No es folklórico ni ridículo: es sencillamente aterrador. Muestra la regresión de una sociedad que se creía moderna a la infancia de la barbarie caribeña, a los tiempos precolombinos en que se tomaba y sacrificaba esclavos para asegurar la salida del sol y se veía a las deidades todopoderosas en todos los cruces de camino.
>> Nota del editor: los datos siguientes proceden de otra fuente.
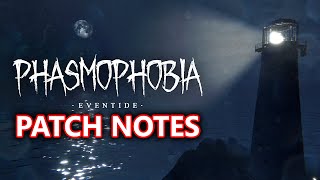 NEW UPDATE FOR PHASMOPHOBIA New Map Item Changes EXTRA INVENTORY  The Patch Notes [upl. by Sochor123]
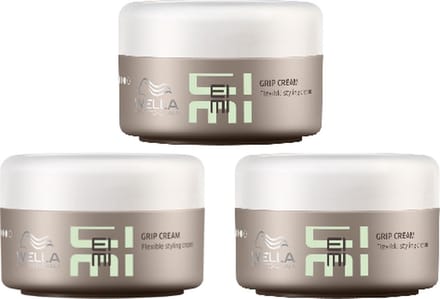 Wella EIMI - Texture - Grip Cream - Flexible Styling Cream - 3 x 75 ml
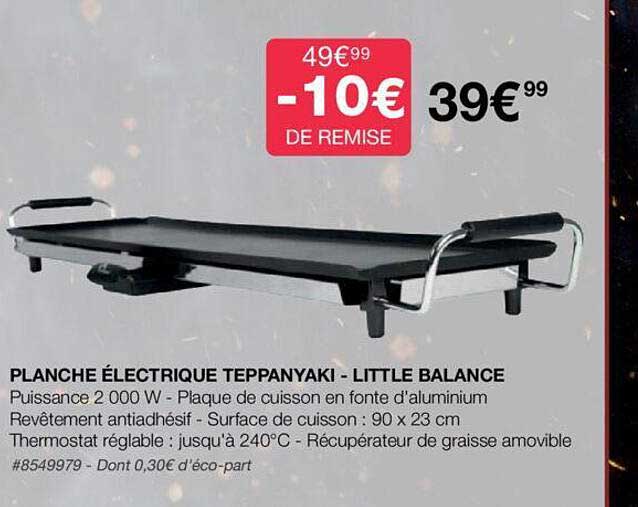 planche électrique teppanyaki - little balance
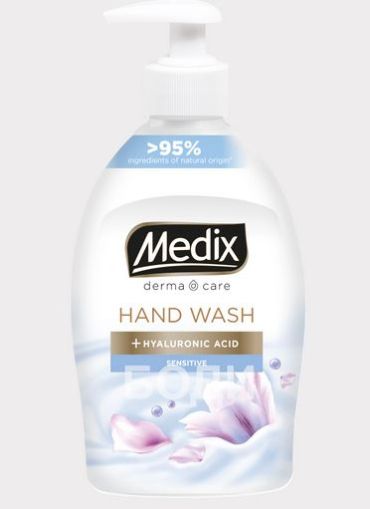 Течен сапун Medix with Hyaloronic acid 400ml.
Si las menesterosas ejecutorias de este pobre infeliz que pretende imponer la felicidad por decreto, según se comenta en los sórdidos pasillos del poder de la satrapía por instigación de su mujer, para colmo de ridiculeces llamada “primera combatiente” y mantener unidas a sus mesnadas haciéndoles creer que el caudillo reencarna en los ojos de una rata, son pruebas de suficiente irracionalidad como para promover su inmediato desalojo, o volveremos, como en la novela de Joseph Conrad, “al corazón de las tinieblas”, el máximo ideólogo del socialismo del Siglo XXI que ha enmascarado esta insólita regresión a nuestra barbarie – Los Pasos Perdidos, que novelara Alejo Carpentier – con la parafernalia conceptual de su compatriota Karl Marx, Heinz Dieterich, ha soltado una prenda de asesoría política sólo comparable con el lanzamiento de la bomba atómica sobre Hiroshima y Nagasaki: convencido de que la crisis económica de este absurdo y sangriento sainete enmascarado tras la etiqueta de Socialismo del Siglo XXI – que según él jamás lo fue – terminará en Apocalipsis, recomienda en entrevista con el periodista Román Losinsky las siguiente medidas, a ser implementadas cuanto antes si se quiere evitar el fin del mundo rojorojito: dejar flotar libremente el precio del dólar y permitir pueda ser adquirido en el mercado según las leyes de la oferta y la demanda; abrir las fronteras a la libre importación de productos de primera, segunda y tercera necesidad para incentivar la producción y la competencia según las leyes de ese mismo libre mercado; reducir la acción del Estado a garantizar la sobrevivencia de los más afectados por esas medidas mediante políticas de beneficencia pública y finalmente desarrollar una política comunicacional para explicar las razones de esos sacrificios iniciales que, de ser aplicadas rigurosa y disciplinadamente, rendirán rápidos frutos.

Me han parecido más aterradoras que la reencarnación del caudillo en los ojos de una rata, por una sencilla razón: son exactamente las medidas implementadas por el gabinete económico del Presidente Carlos Andrés Pérez hace un cuarto de siglo para salir del foso en que la indigencia intelectual y política de su predecesor, Jaime Lusinchi, a quien consideraba “un pobre diablo” – tan dominado por su primera combatiente como el sátrapa de las ocurrencias – había hundido al país. Una situación extrañamente semejante a la actual.

Por aplicar esas medidas, que, tal como lo sostiene en su supuesta inocencia el intelectual orgánico del Socialismo del Siglo XXI, dieron excelentes frutos – premiadas con admiración en el Encuentro de Davos, Suiza,  en febrero de 1992 pues llevaron al mayor crecimiento del PIB en el mundo – Chávez dio el golpe de Estado, asesinó a dos centenas de venezolanos, destruyó la base infraestructural del país y retrotrajo a la sociedad venezolana a las tinieblas de esta canibalesca africanía en que estamos chapoteando.